Your task
From top to bottom, retype the data exactly, passing over any picture.

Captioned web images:
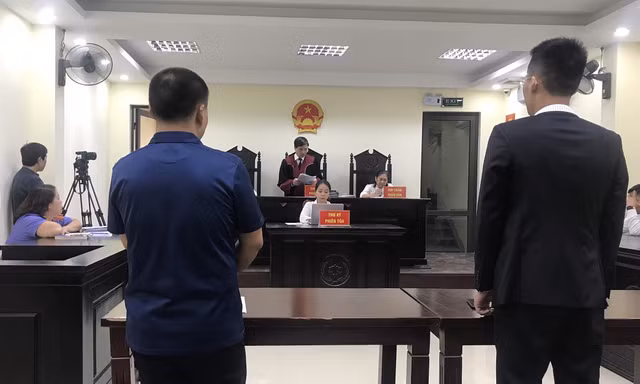 Đại diện bị đơn và nguyên đơn đứng nghe Tòa tuyên án ngày 30/9.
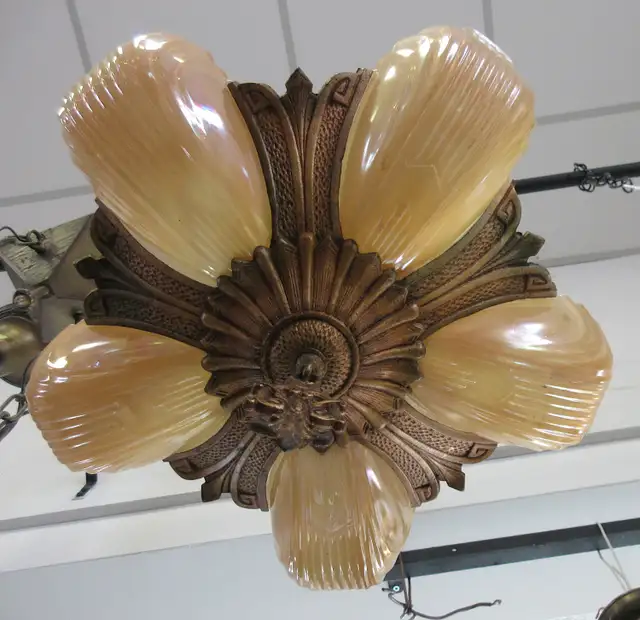ANTIQUE ART DECO CEILING LAMP FIXTURE w 5 SLIP SHADES - Photo 4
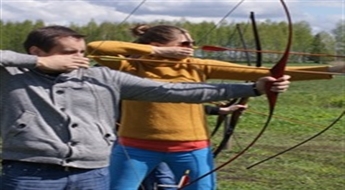 Šaušana ar dažādiem lokiem un arbaletu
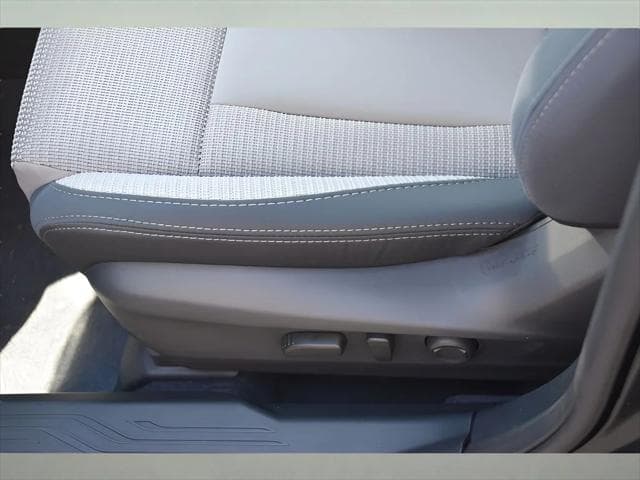 2025 Subaru Outback SUV in Crystal Black Silica thumbnail 24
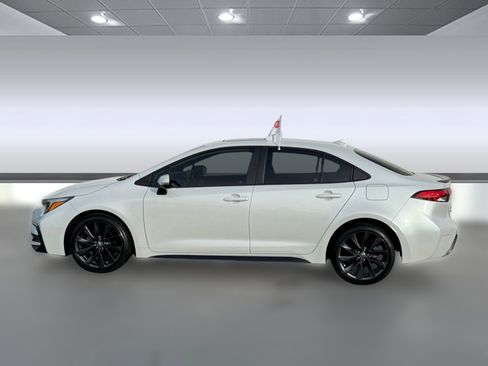 Certified 2023 Toyota Corolla XSE image 2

Exercise result
 Đại diện bị đơn và nguyên đơn đứng nghe Tòa tuyên án ngày 30/9.
ANTIQUE ART DECO CEILING LAMP FIXTURE w 5 SLIP SHADES - Photo 4
 Šaušana ar dažādiem lokiem un arbaletu
 2025 Subaru Outback SUV in Crystal Black Silica thumbnail 24
 Certified 2023 Toyota Corolla XSE image 2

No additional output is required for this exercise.